● Work to complete
Everything in the listing below should be repeated exactly, apart from the pictures.

● Dataset extract
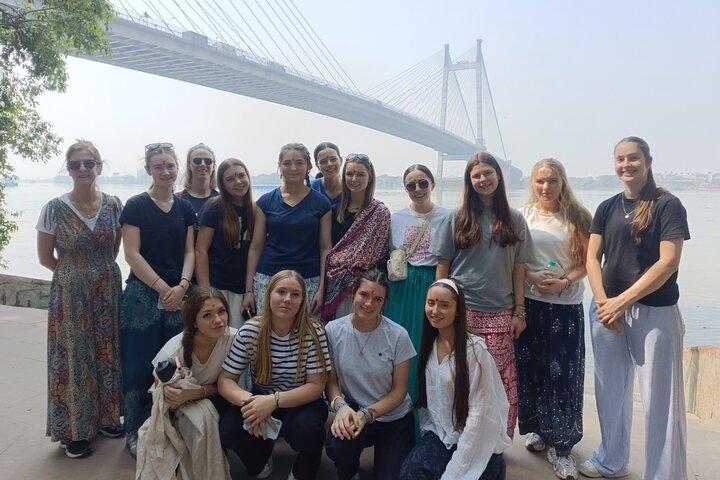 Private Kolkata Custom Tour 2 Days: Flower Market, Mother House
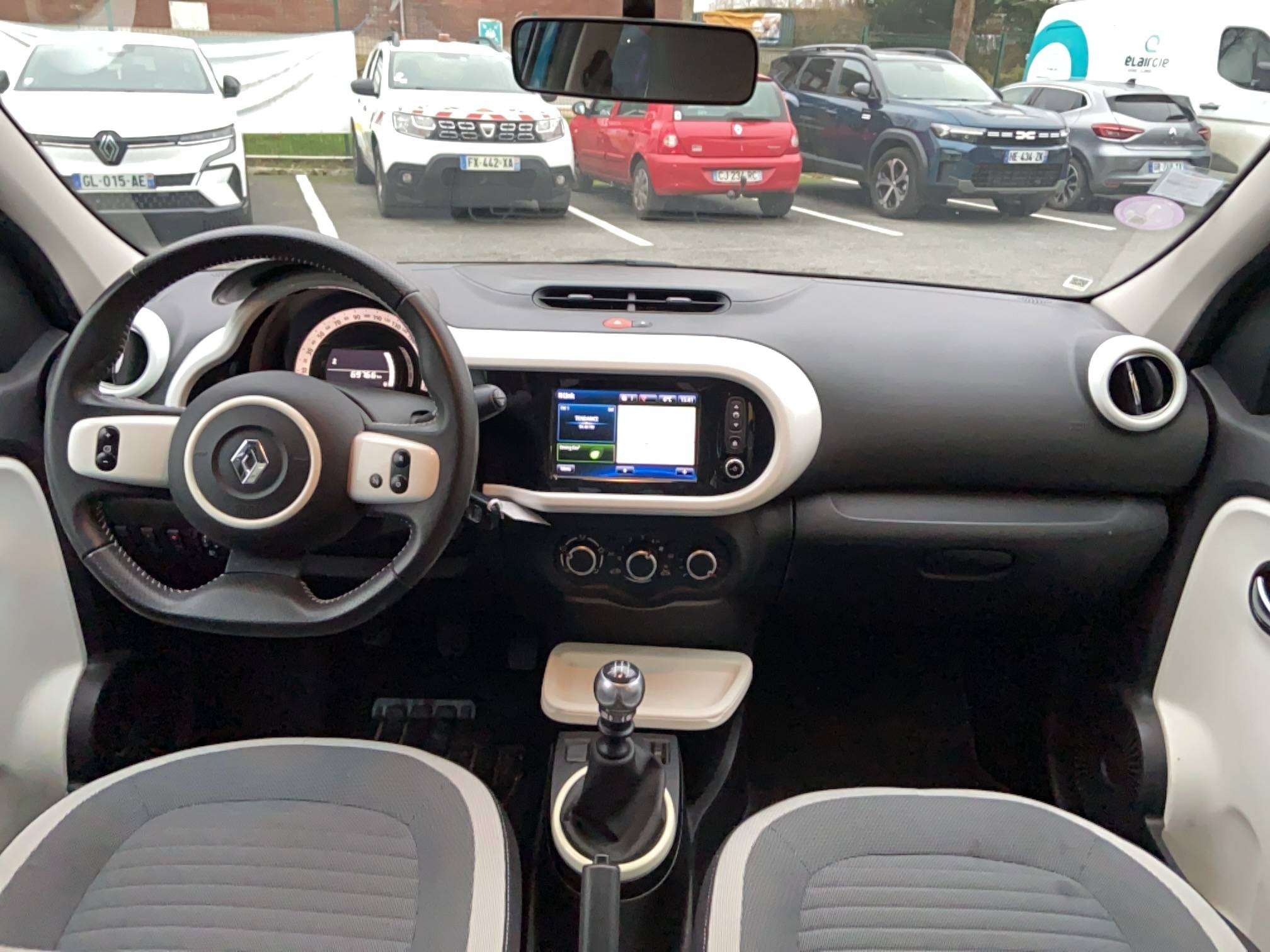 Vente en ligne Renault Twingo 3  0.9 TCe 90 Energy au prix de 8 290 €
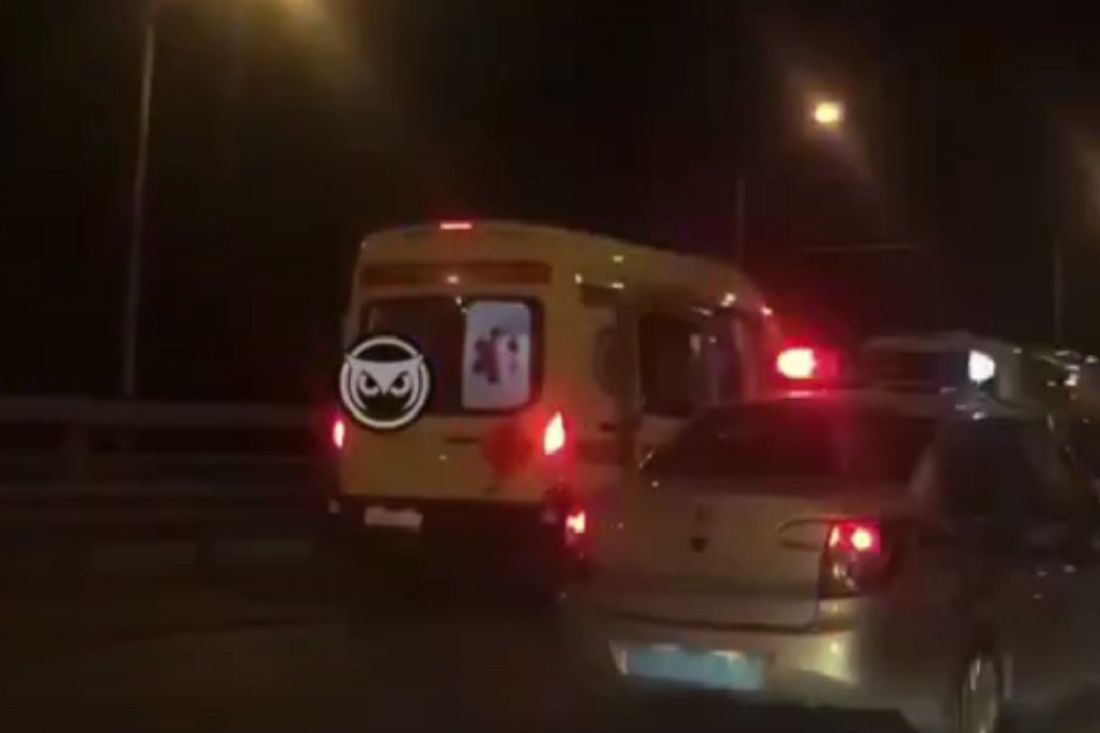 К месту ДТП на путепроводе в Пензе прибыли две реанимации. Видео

● Solution for this exercise
 Private Kolkata Custom Tour 2 Days: Flower Market, Mother House
 Vente en ligne Renault Twingo 3  0.9 TCe 90 Energy au prix de 8 290 €
 К месту ДТП на путепроводе в Пензе прибыли две реанимации. Видео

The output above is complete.